While with the view we take of the facts it is not necessary to decide the point now being considered, we are, however, of the opinion that the court ought not to presume the appointment of a trustee in order to set aside a decree and to defeat the claim acquired by the amended and supplemental bills.

It must be remembered that the bankruptcy proceedings involved in this case were instituted in behalf of one of two joint debtors. The record does not show that the partnership itself or the other member of the firm was made a-party to the proceeding, or .that a statement of partnership assets was made; nor was an allegation of a previous settlement of partnership affairs made. The bankruptcy act of 1898 provides the course to be pursued where a partnership is concerned and further provides that the creditors of the partnership shall elect the trustee, and how jurisdiction over unwilling partners is to be obtained. In the case at bar, only an individual petition was filed.

Bearing in mind the law of this state that partnership obligations are joint, and the detailed steps prescribed in the bankruptcy act for a partnership, we are of the opinion that the proceedings in bankruptcy shown in the record did not affect the rights or liens of appellees under their amended and supplemental bill, and in no view of the case the rights and lien of appellee acquired by the filing of their original bill.

The industry of counsel on either side of this case has brought together cases apparently in conflict as to a partner’s right to discharge upon his individual petition, but after devoting the time at our command, we are clearly of the opinion that the proceedings in bankruptcy were not of such a nature as to affect appellees’ lien acquired under the amended and supplemental bill, or in any event under the original bill.
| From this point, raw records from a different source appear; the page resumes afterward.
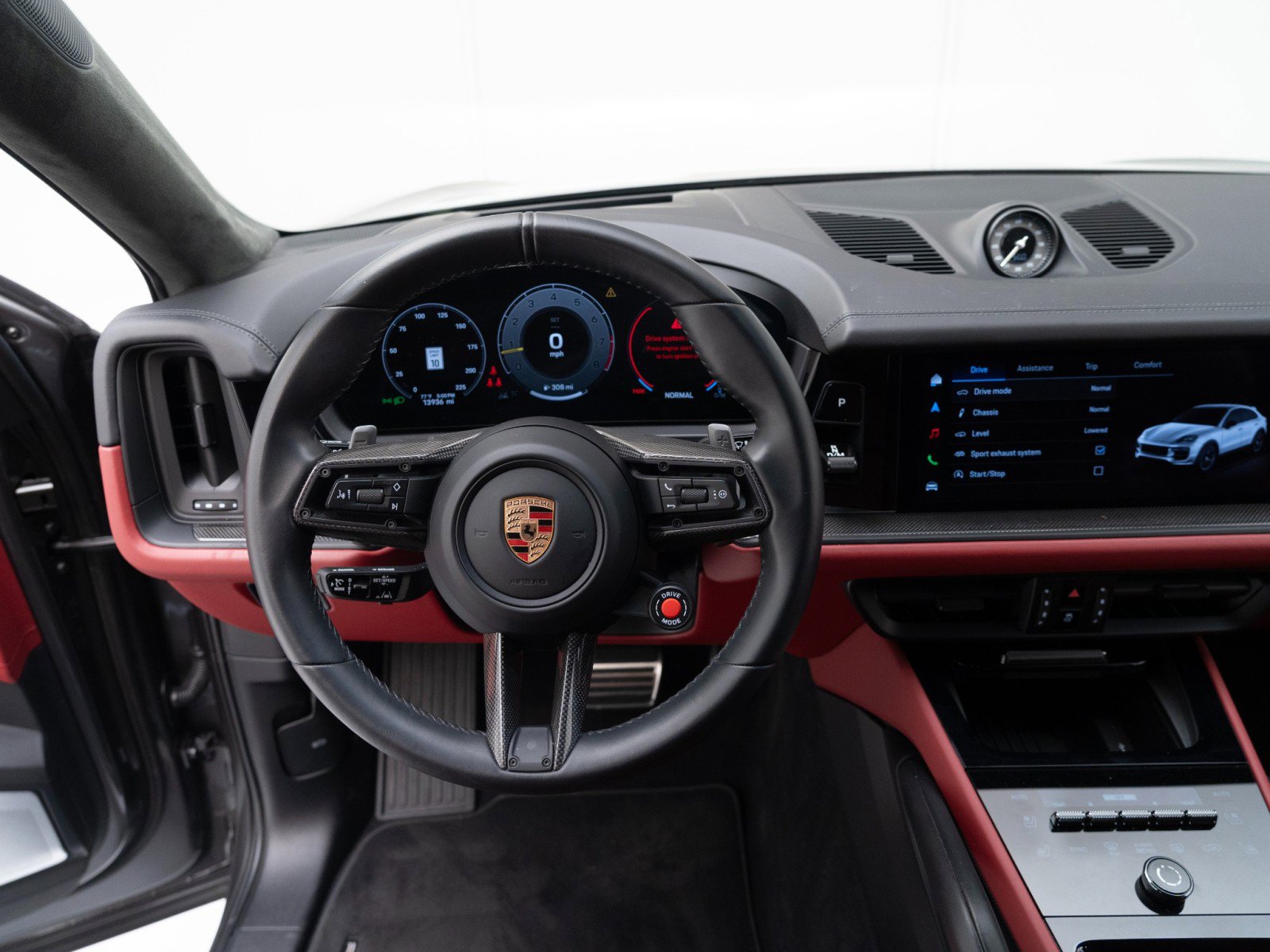 Certified 2024 Porsche Cayenne Turbo GT image 33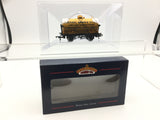 Bachmann 33-675X OO Gauge 14t Tank Wagon Michael Nairn, Kirkcaldy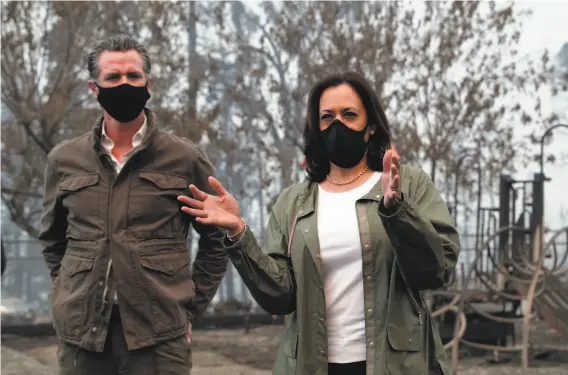  ?? Carlos Avila Gonzalez / The Chronicle ?? Sen. Kamala Harris and Gov. Gavin Newsom survey wildfire damage in Fresno County in September. The governor is deciding on her replacemen­t in the Senate.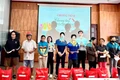 Tặng quà cho các hộ có hoàn cảnh khó khăn tại phường Pleiku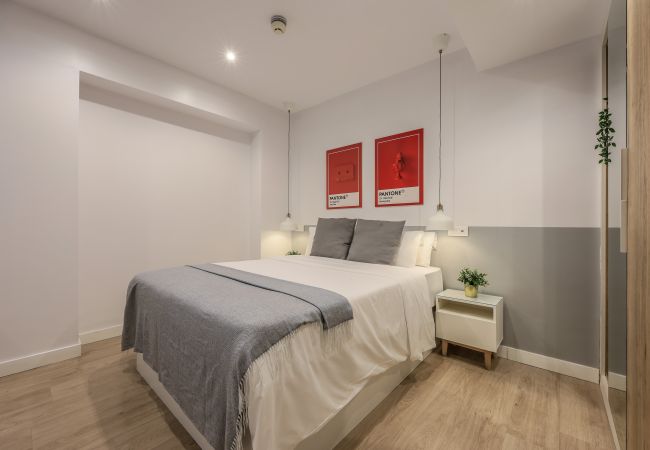 Rent by room in Madrid - Spectacular quadruple room w/ gym B113 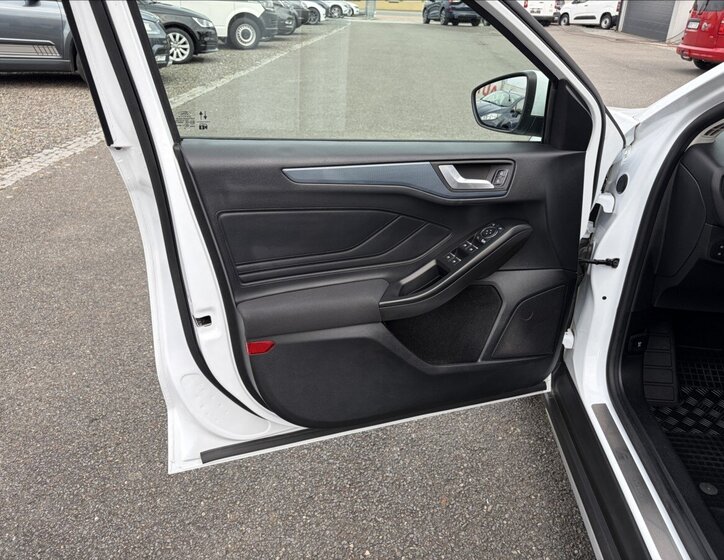 Ford Focus Kombi 1,5 l 110 kw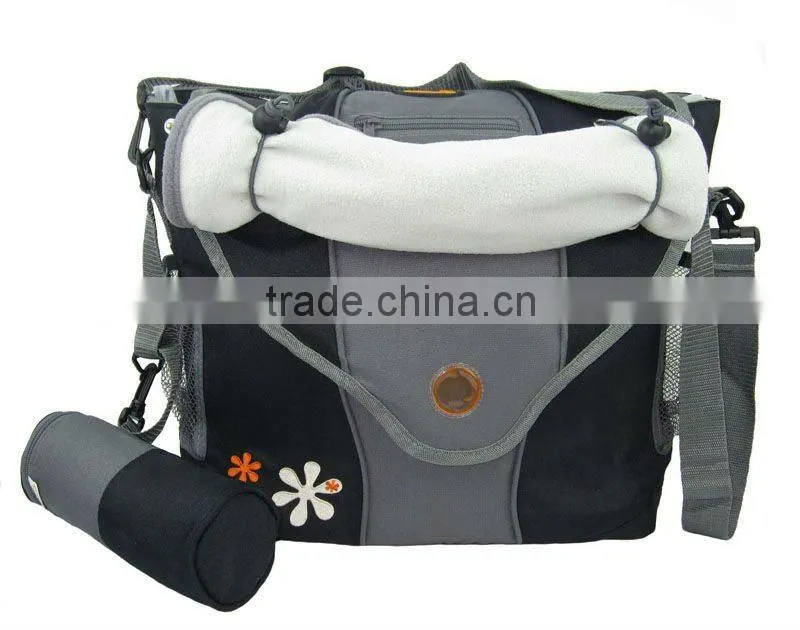 2016 Multifunctional Diaper Bag With Exterior Wipe Pocket And Insulated Bottle Holder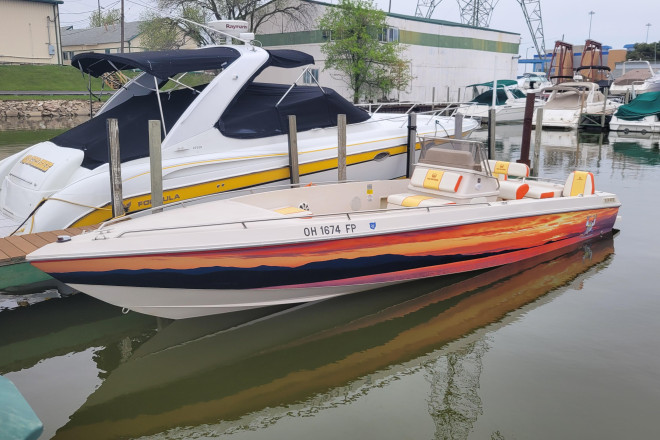 1990 Wellcraft 26 Scarab Sprint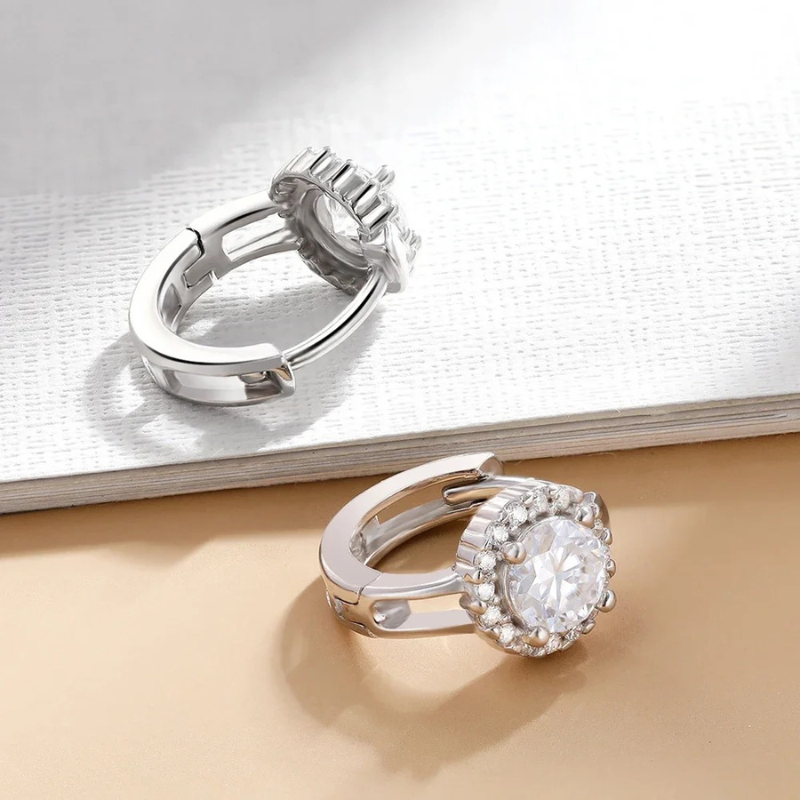 Brinco Luar Lumi  –  Argola Essencial com Moissanite e Ouro 18k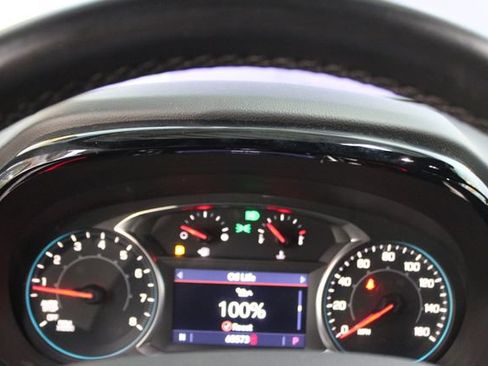 Used 2023 Chevrolet Traverse LT AWD/4WD image 17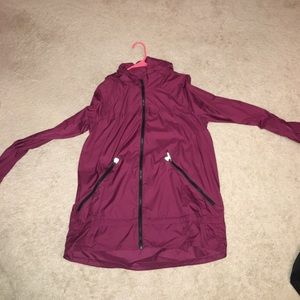 LULULEMON WIND BREAKER ONLY WORN ONCE!
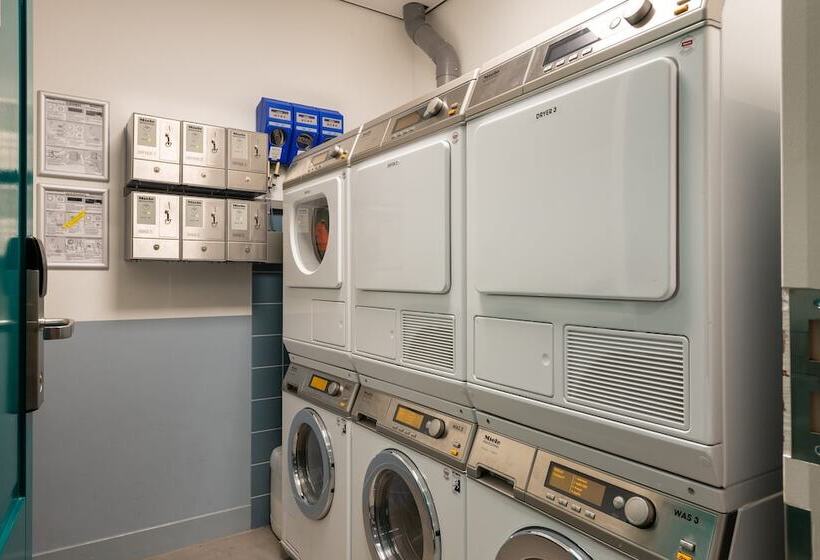 Stayokay Hostel Amsterdam Vondelpark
We find that the court did not err in refusing the motion of appellant for leave to amend her answer. Though many reasons may be urged why the decree in this case should be sustained, we are satisfied that the debtor had invested in the real estate in question, in the payment of taxes, interest and insurance, an amount of money far in excess of the judgment prior'to the filing of the original bill; and we find under the evidence that such payments were not made or credited in good faith upon any loan from appellant to her husband.

After considering the entire record and the authorities cited, we are of the opinion that the decree of the Circuit Court should be affirmed.